鳥の目と、虫の目で音楽を
鳥の目と虫の目
ビジネス書や自己啓発的な本や記事などで良く目にする言葉です。
要約すると
鳥の目とは、鳥が高い場所から俯瞰して全体を見渡している様
虫の目とは、近く、細かい事象を注意深く見る事
となり、この鳥の目と虫の目という両方の視点がビジネスの世界では重要だと説いているのです。
音楽においてもこの二つの視点は重要です。
ギタリストであれば自分の音色にとても気を使い、ギターの種類、弦、シールド、コンデンサー、ギター内部の配線パーツなど本当に細かな違いにまで気を使う事になります。
また、フレーズの細かなニュアンスやリズムの取り方を見ても気を使う点は沢山あります。
そう言った細かな部分にどれだけ気を使って演奏できるかが、ギタリストとしての成長にもつながってくるのだと思います。
これが虫の目ですね。
一方、音楽とは一般的にギターだけで作られる事はありません、他の楽器やヴォーカルとのアンサンブルのうえで成り立ってきます。
そこでは他の楽器との音量や音質のバランス、音色、フレーズ的な絡み、リズムの絡みが重要になってきます。
また、どのような展開で流れを作るのか、聞く人に何を伝えたいのか、どういったメッセージがこめられた曲なのかなど根本的な事を考え、それを表現するための最適な演奏方法を考える事になります。
これが鳥の目です。
「ギターを上手く弾く」と言う事だけに特化して考えれば虫の目だけで十分ですが、「音楽を演奏する」という視点で考えれば鳥の目が必要になってきます。
しかしこの二つの「目」はどちらか一つだけを持っていても意味がありません、両方の目を持ち意図的に視点を変える能力が必要となってきます。
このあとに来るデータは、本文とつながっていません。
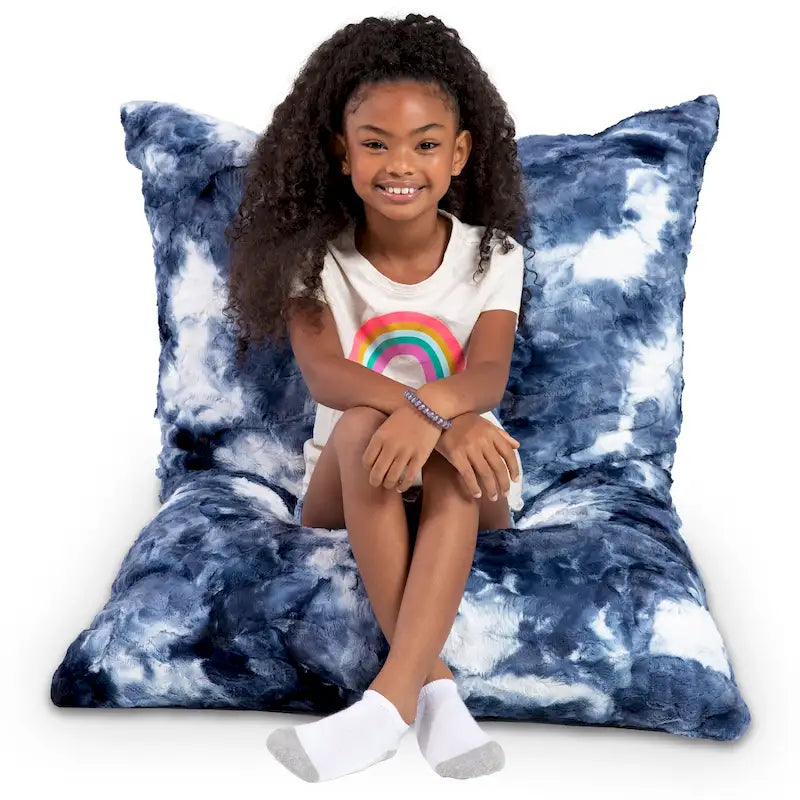 Jaxx Saxx 3.5 Foot Giant Decor Floor Pillow For Kids, Faux-Fur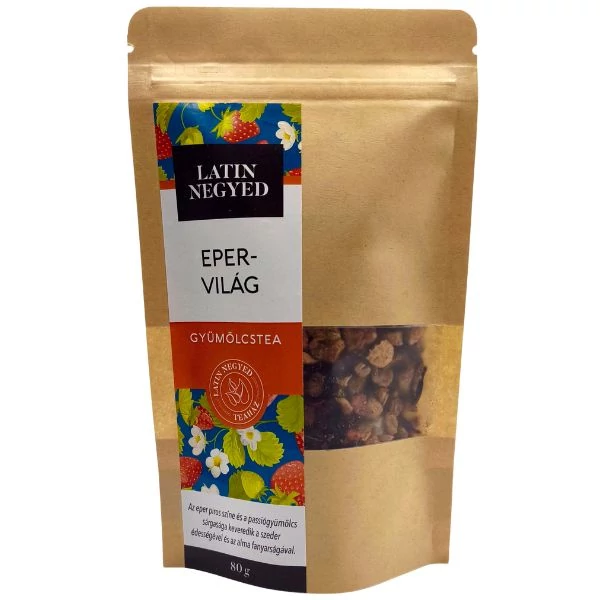 Epervilág gyümölcstea 80g kraft tasakban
(本当の意味で鳥の目を持つには、虫の目がないと持つことはできませんが)
一流の音楽プロデューサーは音楽全体を見渡してプロデュースしているのですが、彼らの多くが一流のミュージシャンである事からも分かると思います。
「鳥の目」を身につける為にはまず、「虫の目」を身につけてからではないと身に付かないと思います。
まずギタリストは自分のプレイの細部にまで気を使い、技術を向上させる事に専念しましょう。
そして、作曲やアレンジ、バンド活動などのなかで音楽と接し、人に音楽を聴いてもらうという状況の時には、ギターの事だけに集中せず全体を見渡す事を意識してください。
「鳥の目」が持てるようになると演奏中も他の楽器とのバランスやアンサンブルを見る事ができます、またアドリブ演奏をする際も他の楽器との絡み、全体の展開なども意識して演奏する事ができます。
「なぜここでこのフレーズを弾くのか」「この次にはこんなフレーズを弾こう」などアイデアも別の視点から湧いてきます。
ギタリストは「虫の目」だけに集中しがちなのですが、「鳥の目」で全体を見渡す能力も意識してみるといいのではないでしょうか。